It was comforting to know that I would be studying abroad in another English-speaking country, however, one of my biggest concerns was losing points on assignments by forgetting “u” in “colour” or if my writing style wasn’t “proper” (British) English. Turns out, professors did not mind the US spelling (for the most part), were quite understanding, and well prepared for students to come from a variety of backgrounds, cultures, languages, often non-native speakers.
Most of us got through academic work successfully, however, at first, casual conversation was a bit of a struggle. Some phrases or words seemed “strange” (to an American) and even though it’s the same language, parts of British English sounded so different or foreign to someone who was not familiar with the lingo. From my experience, it seemed as though British phrases are more contextual. Some sayings are easier to infer the meaning, but others may not be understood appropriately if the context is not considered.

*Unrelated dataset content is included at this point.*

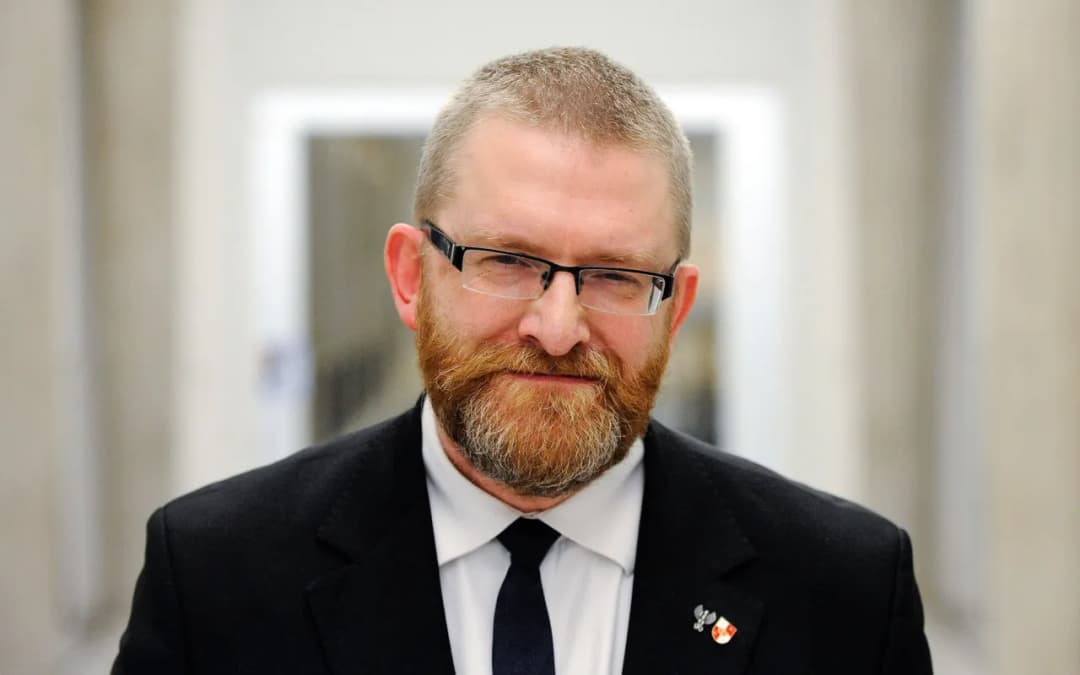 Grzegorz Braun z jakiej partii? Odkryj jego polityczne powiązania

Tea: the Brit’s “favourite” drink, right? Interestingly enough, “tea” doesn’t always refer to the physical hot or cold beverage as we know it. In the UK, tea can also mean “dinner.” For example, “have you had your tea yet” simply means “have you eaten dinner yet” which might not at all involve drinking tea. You would for sure not hear that in the states!

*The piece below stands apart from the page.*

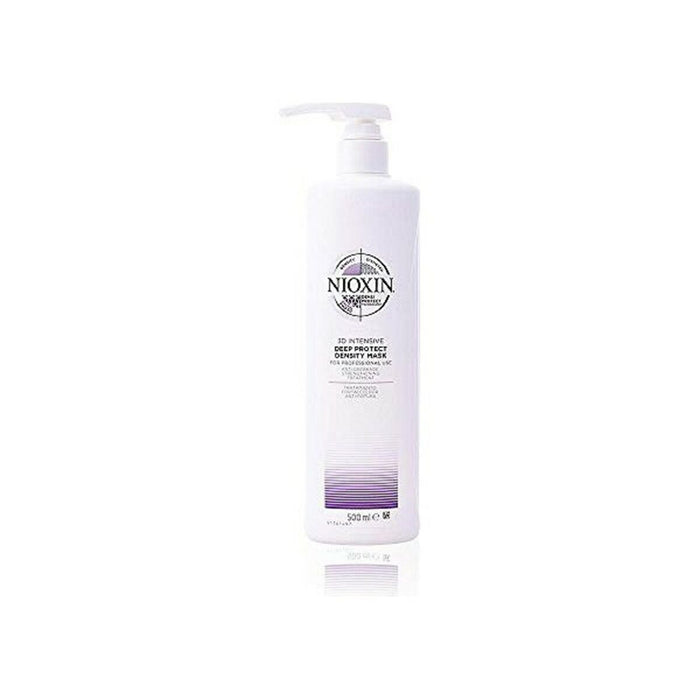 Mască Capilară Reparatoare 3D Intensive Nioxin H2980 500 ml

Born and raised in Southern California, the term “dude” is used among young people to refer to another person no matter the gender. In the UK, you’ll hear “mate” pretty much every day, and I love it! To me, it sounds just a bit more endearing and friendlier than “dude”. Someone may introduce their good friend as their “best mate” or say that they’re going out with their “mates” for a night out. And if someone is describing another person that is not their “mate” they might use the term “bloke,” referring to a male and “doll” as female. I have never heard of the word “bloke” in my life, and when someone told me to look for the “tall bloke at the till” I was lost. “Till”, meaning check-out counter, therefore, I was to look for “the tall guy at the check-out counter.” I’ve also been referred to as “your American doll from California” which at first I did not like the sound of. I then “realised” that doll is simply synonymous with “girl” and not meant to offend or suggest all women are “dolls” but another way to say “the American girl from California.”

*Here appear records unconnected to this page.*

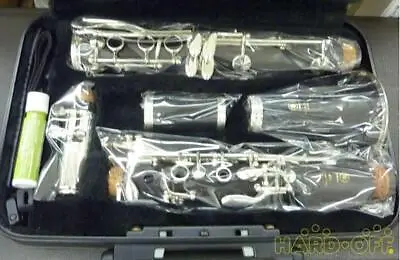 Yamaha Ycl-450 Maintained Clarinet From Japan Used • $1030.24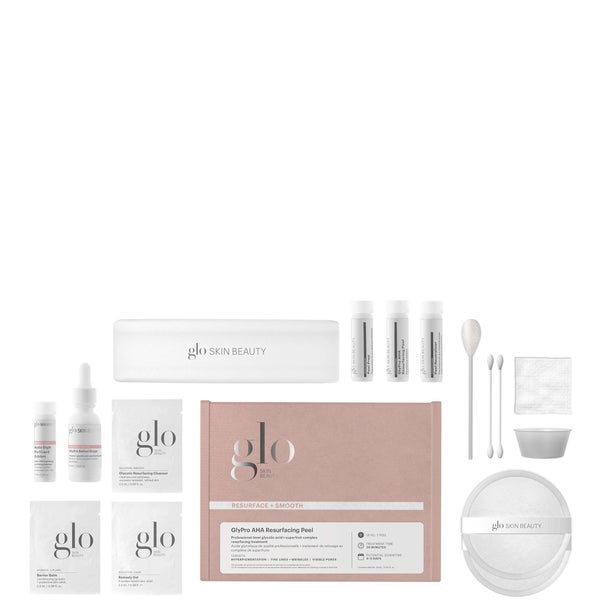 Glo Skin Beauty GlyPro AHA Resurfacing Peel 1 kit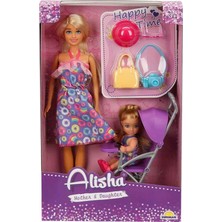 Mythriva Alisha Mother & Daughter Keyifli Gezinti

After living in the UK for over a year, I’ve adopted a few sayings that I’m sure I’ll naturally lose after moving back to the US, but there is one that will stick forever: “I can’t be bothered”. I have convinced myself that there is no true American equivalent that effectively communicates the mood or emotion of “cbb.” But it basically means “I don’t care” or “I really don’t want to do something.” “I can’t be bothered” truly took on its meaning when a certain master’s degree student started to procrastinate more than she should during the “autumn” (fall) term. I guess after a while she “could be bothered” and finished her assignments well and on time!
I’ll be “gutted” (bummed) when I move back to the US and won’t be able to use my new lingo like “lift” for elevator, “fortnight” referring to a 2-week period, “gobsmacked” meaning astounded, or “fiver” or “tenner” referring to a 5 or 10 “note” (dollar bill). No more dropping 20 quid (bucks) on chocolate and sweets, and no more “pub grub” (hearty British food). UK care packages always welcome! “Cheers!” (Thanks!)